It closes in when I’m not watching. Like the sudden onset of darkness in a horror movie, I’m not truly caught unaware, but the end result is a clawing panic combined with a need to escape. The silence around me deafens me with its empty ringing.
I hate being alone.
Who, me? Melodramatic? You don’t say.
Yet, my depressive spells (look at me, I can’t just say my depression) always come on during extended periods of alone time. AKA, every move we’ve made since 2010. Fall 2010 in Germany, I would sit and stare out our window because the lack of a social life had me feeling stifled and painfully alone on the nights that B had handball practice. Spring 2012 in Turkey we won’t even get into. It wasn’t pretty. North Dakota was actually pretty great, once I got a job. I was around people all day and would come home ready to just be with my favorite person.

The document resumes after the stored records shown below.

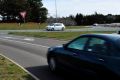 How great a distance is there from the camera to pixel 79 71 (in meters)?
8.84

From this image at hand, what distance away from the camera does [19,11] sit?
93.1 meters

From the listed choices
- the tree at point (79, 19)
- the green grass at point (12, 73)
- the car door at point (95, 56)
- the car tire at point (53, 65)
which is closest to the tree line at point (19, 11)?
the tree at point (79, 19)

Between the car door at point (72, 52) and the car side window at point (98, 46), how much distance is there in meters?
0.28

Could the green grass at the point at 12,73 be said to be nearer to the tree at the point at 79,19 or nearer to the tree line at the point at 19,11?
the tree line at the point at 19,11

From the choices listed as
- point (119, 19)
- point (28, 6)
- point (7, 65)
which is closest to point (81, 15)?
point (119, 19)

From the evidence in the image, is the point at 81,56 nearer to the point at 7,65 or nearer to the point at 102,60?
the point at 102,60

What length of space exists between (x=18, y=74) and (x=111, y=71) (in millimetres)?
3708

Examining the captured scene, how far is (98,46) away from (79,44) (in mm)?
991

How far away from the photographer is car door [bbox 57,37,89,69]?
8.97 meters

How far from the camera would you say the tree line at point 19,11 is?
304 ft

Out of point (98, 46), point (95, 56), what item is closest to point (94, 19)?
point (98, 46)

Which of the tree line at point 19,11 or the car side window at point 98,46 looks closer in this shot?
the car side window at point 98,46

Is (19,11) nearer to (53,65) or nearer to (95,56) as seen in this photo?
(53,65)

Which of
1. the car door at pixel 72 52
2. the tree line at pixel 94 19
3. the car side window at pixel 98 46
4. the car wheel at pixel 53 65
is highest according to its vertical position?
the car side window at pixel 98 46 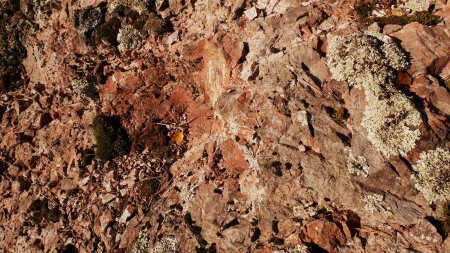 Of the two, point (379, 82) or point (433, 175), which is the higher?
point (379, 82)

Here I am. Alone in a house all day. Nothing to do besides endlessly apply for jobs with companies that will likely never contact me to even acknowledge my application. My husband is several hours away at training, my in-laws work all day, so here I sit by myself.

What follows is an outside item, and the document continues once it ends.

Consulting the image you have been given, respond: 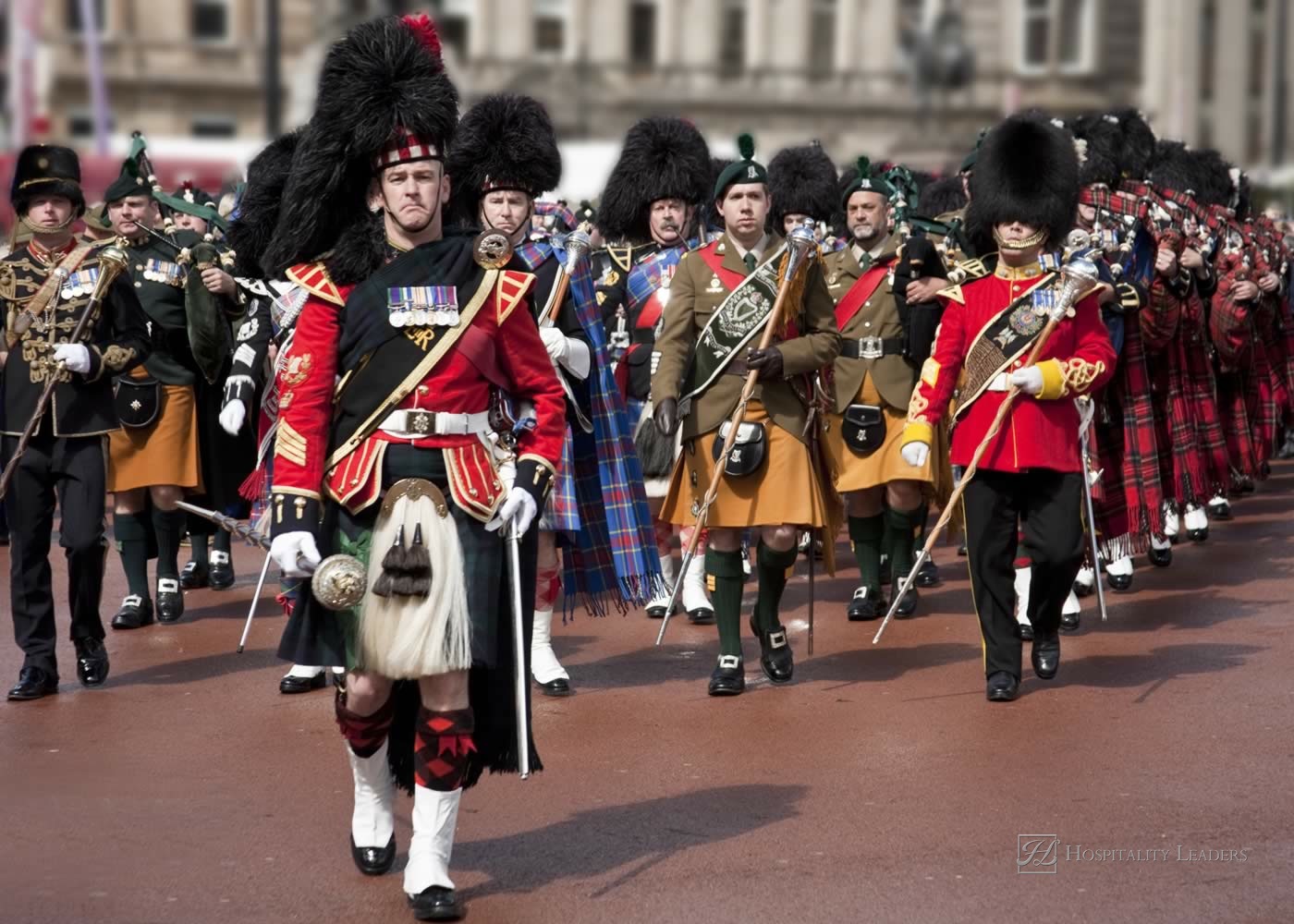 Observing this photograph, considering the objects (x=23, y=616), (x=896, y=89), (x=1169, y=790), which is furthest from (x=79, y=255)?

I’m trying to combat it. I get up and go for a run in the morning, then take the dogs for a long walk. I text my people. I chat with B as soon as his day is done – the sound of my voice in the empty house always sends the dogs into a barking frenzy. I put the tv on so there’s some background noise. I try to be more productive than just constantly refreshing my email in a futile attempt to make something, anything appear in it.
But it sneaks up behind me, or crawls along the ceiling above me, and ambushes me even when I’m on my best guard. I cry too easily. Slip off into silences. My fuse is shorter than normal.
It’s more than being restless. It’s knowing what extended periods of time like this do to me. It’s fearing the abyss. It’s not wanting to fall back in.
So I fight. I claw. I run.
I won’t let it catch me this time.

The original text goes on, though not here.